[Data]
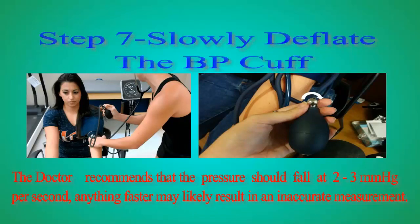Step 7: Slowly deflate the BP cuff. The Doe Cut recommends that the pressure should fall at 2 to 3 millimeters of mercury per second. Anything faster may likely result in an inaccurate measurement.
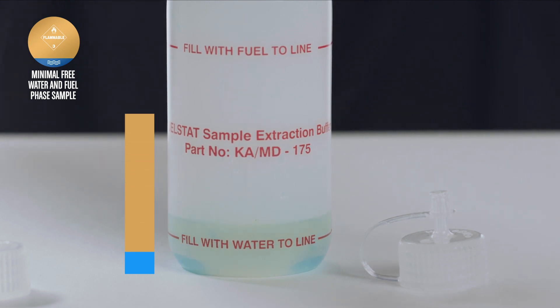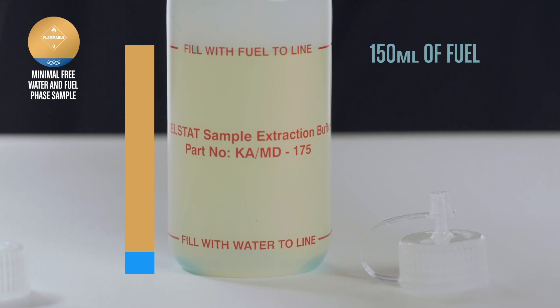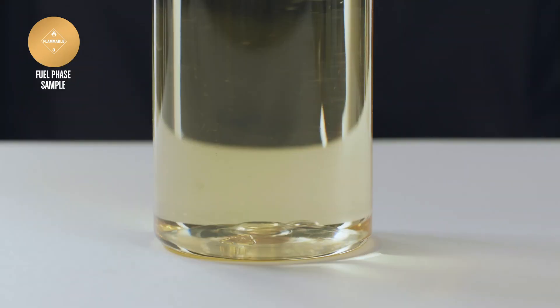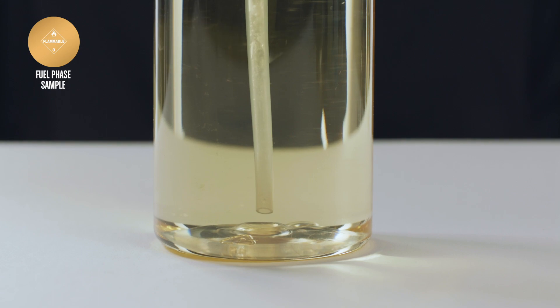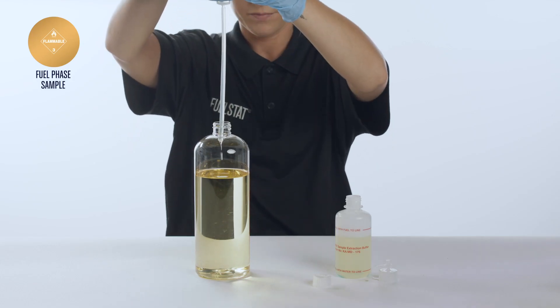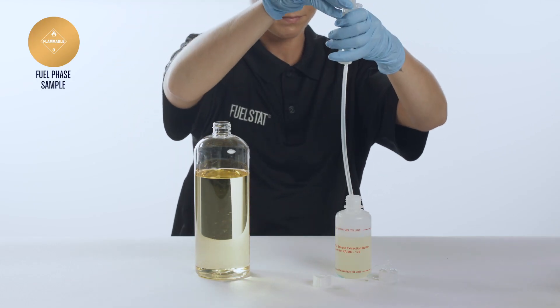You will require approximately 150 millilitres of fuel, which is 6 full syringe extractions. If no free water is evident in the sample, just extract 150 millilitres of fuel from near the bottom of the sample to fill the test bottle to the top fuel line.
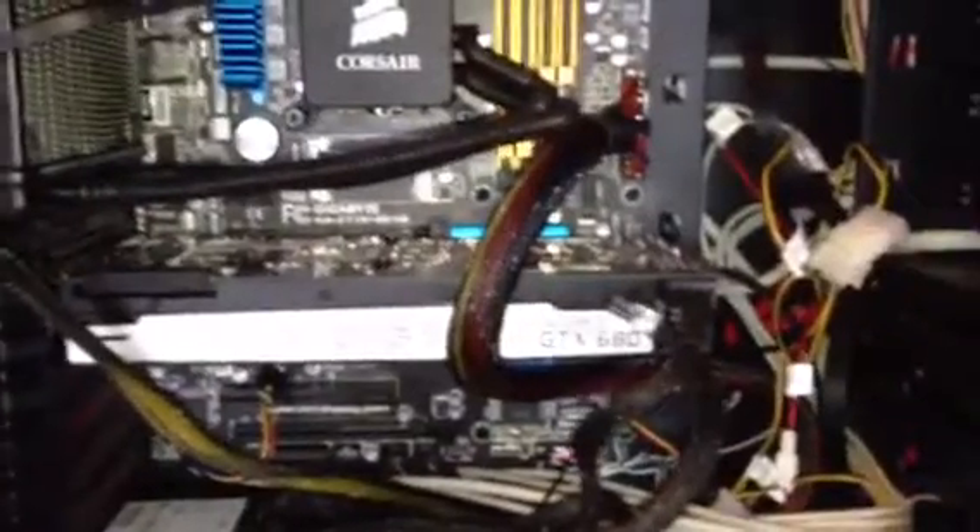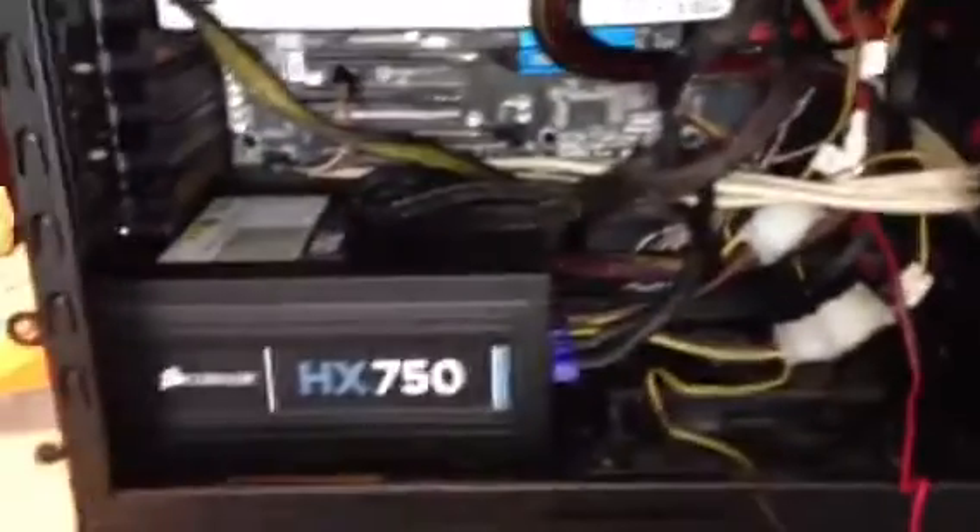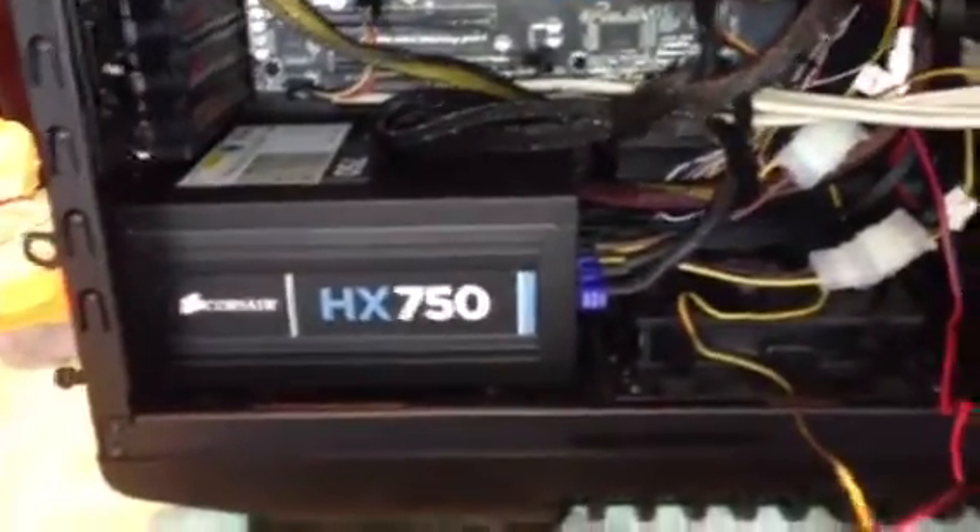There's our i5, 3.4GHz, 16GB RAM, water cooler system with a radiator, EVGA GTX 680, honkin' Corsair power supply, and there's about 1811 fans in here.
* * *
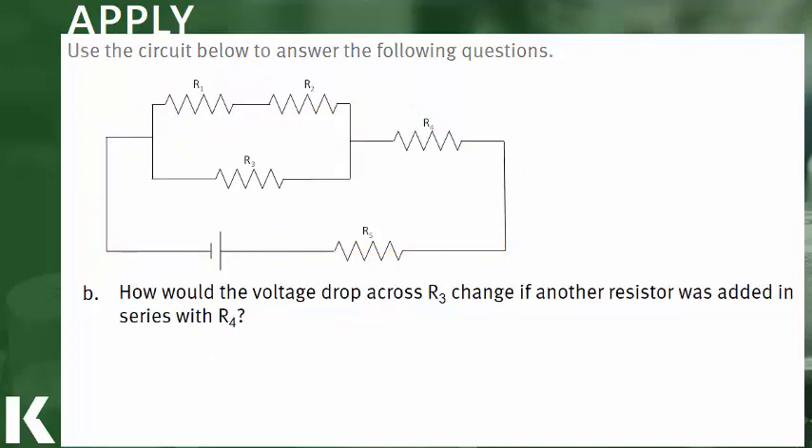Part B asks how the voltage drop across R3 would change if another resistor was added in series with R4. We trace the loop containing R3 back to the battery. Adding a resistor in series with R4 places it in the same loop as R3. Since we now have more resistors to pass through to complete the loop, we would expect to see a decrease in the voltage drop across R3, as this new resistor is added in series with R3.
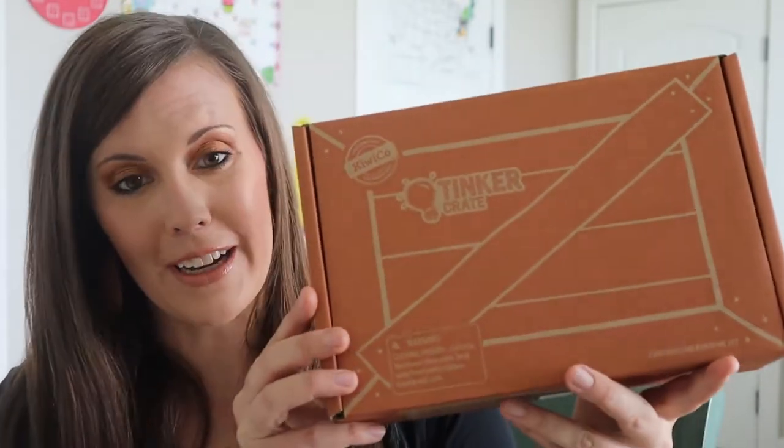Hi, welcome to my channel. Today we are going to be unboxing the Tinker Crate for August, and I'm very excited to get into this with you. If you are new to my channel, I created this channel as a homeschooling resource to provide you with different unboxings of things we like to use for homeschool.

[Exercise brief] Going by the entries above, repeat exactly the lines that start at the line with "Step 7: Slowly" and go on through the line with "You will require". Pictures are not part of the copy.

[Answer to the exercise]
Step 7: Slowly deflate the BP cuff. The Doe Cut recommends that the pressure should fall at 2 to 3 millimeters of mercury per second. Anything faster may likely result in an inaccurate measurement.
You will require approximately 150 millilitres of fuel, which is 6 full syringe extractions. If no free water is evident in the sample, just extract 150 millilitres of fuel from near the bottom of the sample to fill the test bottle to the top fuel line.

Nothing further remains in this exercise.